For Ebri Knight it’s essential to claim our roots, to preserve the popular knowledge. That’s why we use traditional instruments and local melodies and songs. Even more today when the cultural globalization tries to finish with the smaller cultures, we have to fight for them.
Catalonia’s struggle for independence has become even more acute in recent years. What is your opinion on this? How do you imagine being a Catalonia in a perfect way? Part of Spain, part of the EU or completely independent?
We’re independentists and also internationalists.
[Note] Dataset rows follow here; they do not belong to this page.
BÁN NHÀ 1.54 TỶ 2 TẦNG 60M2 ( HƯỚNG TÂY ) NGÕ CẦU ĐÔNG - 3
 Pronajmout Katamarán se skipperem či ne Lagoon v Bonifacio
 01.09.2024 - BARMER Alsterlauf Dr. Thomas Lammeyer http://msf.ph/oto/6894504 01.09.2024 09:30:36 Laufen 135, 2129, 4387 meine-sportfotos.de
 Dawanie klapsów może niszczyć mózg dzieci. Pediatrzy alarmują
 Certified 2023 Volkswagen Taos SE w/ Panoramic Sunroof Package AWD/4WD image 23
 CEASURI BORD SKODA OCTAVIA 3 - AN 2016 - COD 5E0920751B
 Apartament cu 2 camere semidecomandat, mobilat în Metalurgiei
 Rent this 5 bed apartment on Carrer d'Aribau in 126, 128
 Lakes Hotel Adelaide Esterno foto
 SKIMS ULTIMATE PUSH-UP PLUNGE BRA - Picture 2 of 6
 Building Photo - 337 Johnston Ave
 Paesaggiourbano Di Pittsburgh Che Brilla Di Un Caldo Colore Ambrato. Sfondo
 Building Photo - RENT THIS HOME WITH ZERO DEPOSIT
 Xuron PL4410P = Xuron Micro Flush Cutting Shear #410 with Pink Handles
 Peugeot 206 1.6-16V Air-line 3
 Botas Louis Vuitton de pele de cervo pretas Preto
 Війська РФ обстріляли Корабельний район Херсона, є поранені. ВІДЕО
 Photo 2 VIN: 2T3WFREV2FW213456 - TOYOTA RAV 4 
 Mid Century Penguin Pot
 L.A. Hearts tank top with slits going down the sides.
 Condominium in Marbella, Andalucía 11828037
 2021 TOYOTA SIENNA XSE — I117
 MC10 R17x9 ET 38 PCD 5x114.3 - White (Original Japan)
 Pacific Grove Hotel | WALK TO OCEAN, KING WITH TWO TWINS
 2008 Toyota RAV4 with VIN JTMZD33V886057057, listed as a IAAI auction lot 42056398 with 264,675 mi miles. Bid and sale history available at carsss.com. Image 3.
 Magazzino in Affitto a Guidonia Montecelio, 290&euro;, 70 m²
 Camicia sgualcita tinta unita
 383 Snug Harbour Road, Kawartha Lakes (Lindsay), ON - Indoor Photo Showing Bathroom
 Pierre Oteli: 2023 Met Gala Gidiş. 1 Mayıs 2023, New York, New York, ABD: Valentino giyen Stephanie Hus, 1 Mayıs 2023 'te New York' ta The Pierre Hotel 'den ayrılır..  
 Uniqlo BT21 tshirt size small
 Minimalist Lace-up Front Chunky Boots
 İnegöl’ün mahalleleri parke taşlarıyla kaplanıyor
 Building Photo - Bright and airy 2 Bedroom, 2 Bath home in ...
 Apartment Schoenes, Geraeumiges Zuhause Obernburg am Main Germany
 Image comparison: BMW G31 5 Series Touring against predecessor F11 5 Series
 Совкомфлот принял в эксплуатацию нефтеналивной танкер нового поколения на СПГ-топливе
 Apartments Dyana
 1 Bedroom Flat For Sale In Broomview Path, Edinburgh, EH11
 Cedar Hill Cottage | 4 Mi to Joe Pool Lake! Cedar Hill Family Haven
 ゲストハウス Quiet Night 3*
We know that the independence struggle in Europe is commonly associated to the fascist and right-winded movements, but in Catalunya it’s associated to all the political spectrum and especially to left. We have the chance to make a new country breaking with all the problems we have now; corruption, social inequality, capitalism,… We want a new country where the people are in the center, not the money, not the markets.
Ideally we imagine a free Catalonia associated with the other Catalan Countries regions. And being part of Europe, but not THIS Europe. Part of the Europe of the nations, not the states, not the markets. It’s important to understand that the fight for a free Catalunya is the fight for solidarity, with every national region in Europe and in the world.
Your country is one of the most severely affected by the COVID-19 pandemic. What is your overall situation? Is the government assistance enough f the sick and the people left without a means of subsistence?
We’re all good, the pandemic reached in the middle of the production process of our new album, and we’re still working as we can.
Probably the Catalan and Spain Governments are doing the best they can in the overall situation if you’re a big company. But it’s definitely not enough. As usual they’re prioritizing the markets than the people. It’s not enough because there’re lots of people that can’t be entitled to the social aids.
We know that many of your concerts planned for 2020 have been canceled. What do you plan as a musical activity during a pandemic?
It’ll be a really difficult year, we don’t know when will be allowed to play again live and that’s stressful. But we keep working in our homes, playing and composing our new album that will be released this next autumn.
And finally, what have you heard about Bulgaria? Have any of you visited our country and what impressions did you have left? You can say something to the Bulgarian audience.
We’re sorry to say that no one of us have never been in Bulgaria. If you ask from Bulgaria to any Catalan probably they’ll think in Hristo Stoítxkov and his time in FC Barcelona… Don’t know if it’s a good ambassador.
Joking aside, we’d like to visit Bulgaria when we can finally get out and travel, and obviously we’d love to play there! We hope you like our music and feel free to contact us for anything.
Big internationalist hugs from Catalunya!